Figure 5: STU synergizes with lapatinib. (A) IC50 value was generated by evaluating viability of JIMT-1 cells treated with increasing doses of lapatinib to show these cells are inherently resistant to lapatinib. (B) IC50 value was generated by evaluating viability of JIMT-1 cells treated with increasing doses of STU. (C) Dose response curves and IC50 value were generated by evaluating viability of JIMT-1 cells treated with increasing doses of STU in combination with 100 nM lapatinib. (D) Combination index analysis indicates that STU is synergistic with 100 nM lapatinib at all concentrations evaluated, with a score below “1” indicating synergy. (E) JIMT-1 cells were treated with either DMSO or 25 nM STU for 24 hours. Immunoblotting for PKC activity was performed using anti-phospho-PKC, anti-phospho-PKC substrate, and anti-PKC antibodies. (F) To assess colony formation, JIMT-1 cells were initially plated in normal growth medium, followed by next day replacement of media containing drug (DMSO, 100 nM lapatinib, 25 nM STU, or combination 100 nM lapatinib plus 25 nM STU). Cells were treated with drugs for 3 days, followed by replacement with normal growth media for the next 21 days. At day 21, colonies were stained with crystal violet and quantified. (G) To assess mammosphere formation and renewal, JIMT-1 cells were plated in media containing either DMSO, 25 nM STU, 100 nM lapatinib, or combination 25 nM STU plus 100 nM lapatinib. Cells were maintained in drug for 14 days, then quantified and imaged. To assess renewal, primary mammospheres were trypsinized and re-plated in drug containing media at equal numbers. Mammosphere formation was quantified 14 days after primary mammospheres were plated for renewal. (H) JIMT-1 cells were injected into the mammary fat pad of immunocompromised mice to assess mammary tumor growth. Mice received placebo or 100 mg/kg lapatinib twice a week for the duration of the experiment. (I) To assess combined delivery of STU and lapatinib, JIMT-1 cells were injected into the mammary fat pad of immunocompromised mice to assess mammary tumor growth. Mice were randomized into either placebo, STU (3 mg/kg), lapatinib (50 mg/kg), or combination STU plus lapatinib treatment groups. When tumors reached a size of ~65 mm3, treatments were initiated and administered twice weekly. Tumors were analyzed by student’s T-test at individual time points. *p < 0.001; **p = 0.02.

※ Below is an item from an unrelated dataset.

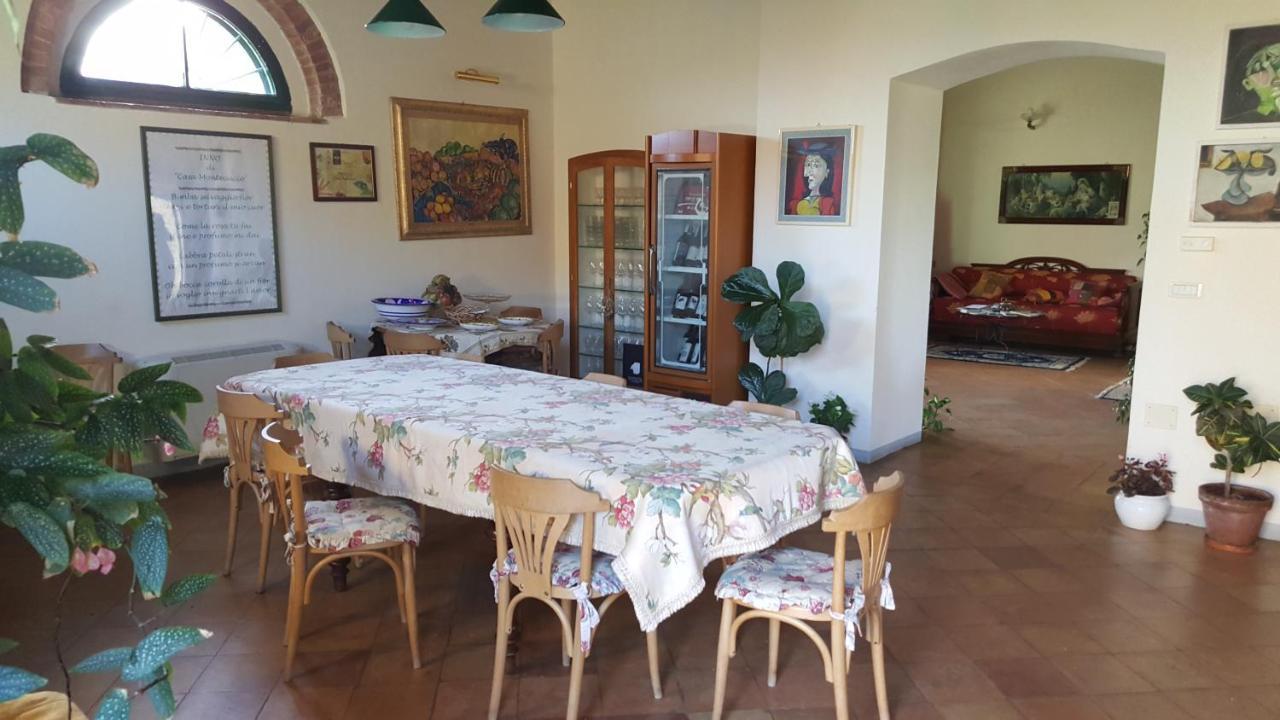Agriturismo Casa Montecucco Giuncarico Eksteriør bilde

We then sought to investigate whether STU can synergize with lapatinib in drug resistant HER2+ breast cancer cells. Therefore, we evaluated JIMT-1 cell viability after co-treatment with STU and lapatinib, where we varied the dose of STU but kept the lapatinib concentration constant. Furthermore, the dose of lapatinib (100 nM) used was >10 times lower than the observed IC50 for lapatinib (~1.5 μM) in the JIMT-1 cells, shown in Figure 5A. We found that combining STU and lapatinib resulted in a greater suppression of cell viability compared to STU treatment alone (Figure 5C). Combination index analysis demonstrated synergy (denoted as a score below 1) between STU and lapatinib at all doses of STU (Figure 5D). To ensure that the effect of STU on viability in the JIMT-1 cells was not due to inhibition of PKC, we treated these cells with STU and examined phosphorylation of PKC substrates and PKC. We found that, similar to our results in the SMF cell line, PKC and PKC substrate phosphorylation were unchanged with STU treatment (Figure 5E).

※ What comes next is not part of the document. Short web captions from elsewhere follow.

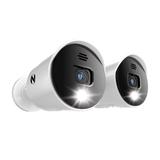 Night Owl Indoor/Outdoor 2-Camera 4K Hardwired Spotlight Security Camera System in White | CAM-2PK-DP8LSA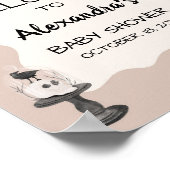 Little Boo Gothic Baby Dusche Begrüßungszeichen Poster (Ecke)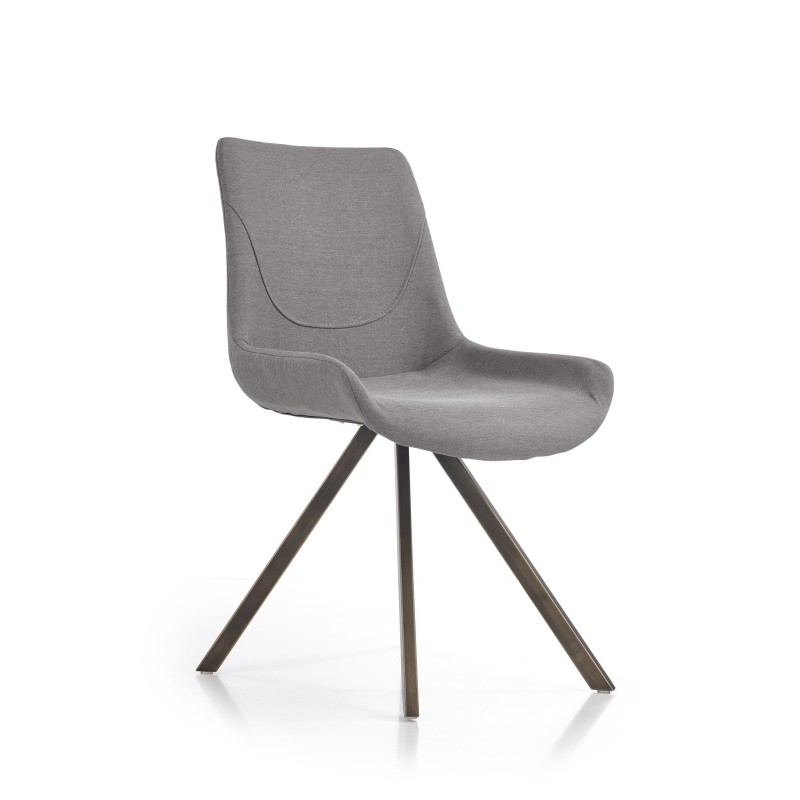 K290 krzesło popielaty / złoty antyczny (2p 2szt)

Because STU and lapatinib showed synergistic effects on viability, we wanted to determine if STU and lapatinib showed similarly potent effects on other physiological outcomes. Therefore, we next performed a colony formation assay using the JIMT-1 cells treated with either DMSO, STU, lapatinib, or the combination of STU and lapatinib using doses below the IC50 of each inhibitor. While 25 nM STU showed modest effects on suppressing colony formation, we found that the combination treatment of 25 nM STU with 100 nM lapatinib significantly reduced colony formation, similar to our viability results (Figure 5F). Next, we evaluated mammosphere formation, and found that combination treatment of STU and lapatinib showed stronger effects on suppressing primary mammosphere formation than either agent alone (Figure 5G). Following analysis of the primary mammospheres, we also looked at mammosphere renewal and found that STU treatment, either alone or in combination with lapatinib, completely prevented mammosphere self-renewal (Figure 5G).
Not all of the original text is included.